▸ **What is required**: For the lines from the one with "Item preview, Plant" to the end of the listing below, both ends included, give an exact copy and nothing more. Do not copy pictures.

▸ **Task input**:

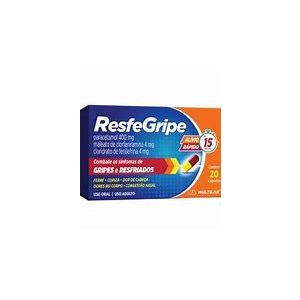 RESFEGRIPE 400MG+4MG+4MG - 20CP - MULTILAB
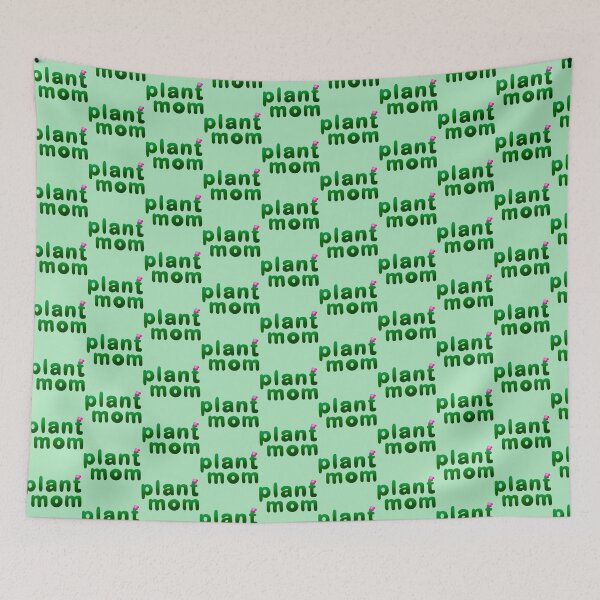 Item preview, Plant Mom Type Graphic Green with Flower designed and sold by forfun-art.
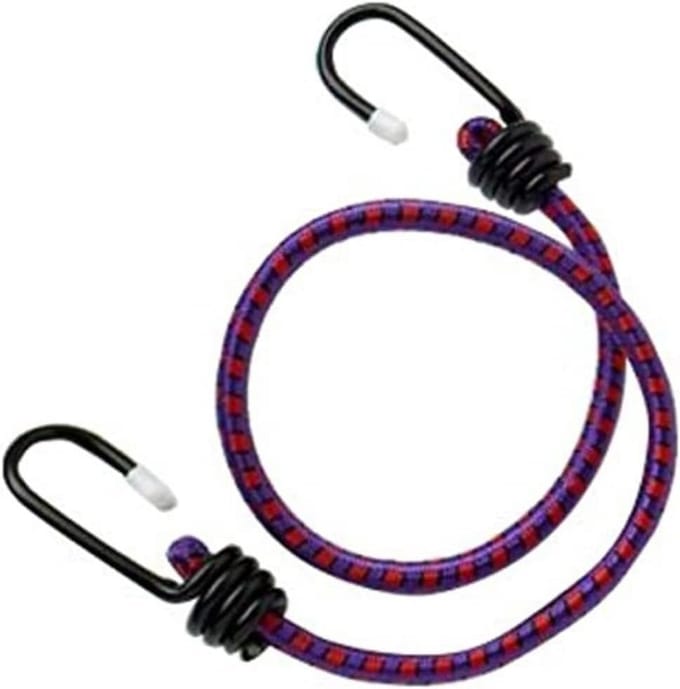 Elastische Bagageband 450 x 8 mm - 2 stuks - Wit - Sterk en Veelzijdig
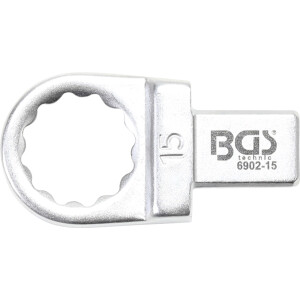 BGS Einsteck-Ringschlüssel | 15 mm (BGS 6902-15)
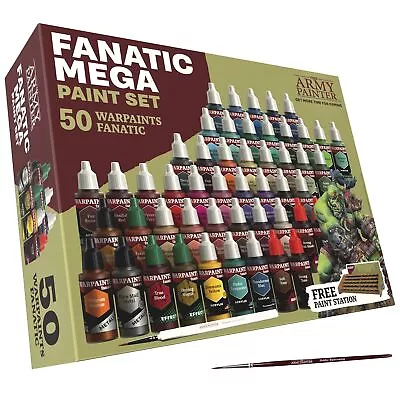The Army Painter Warpaints Fanatic: Mega Combo Set 50 Paints: 36 Acrylic Col... • $308.54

▸ **Reply to the exercise**:
 Item preview, Plant Mom Type Graphic Green with Flower designed and sold by forfun-art.
 Elastische Bagageband 450 x 8 mm - 2 stuks - Wit - Sterk en Veelzijdig
 BGS Einsteck-Ringschlüssel | 15 mm (BGS 6902-15)
The Army Painter Warpaints Fanatic: Mega Combo Set 50 Paints: 36 Acrylic Col... • $308.54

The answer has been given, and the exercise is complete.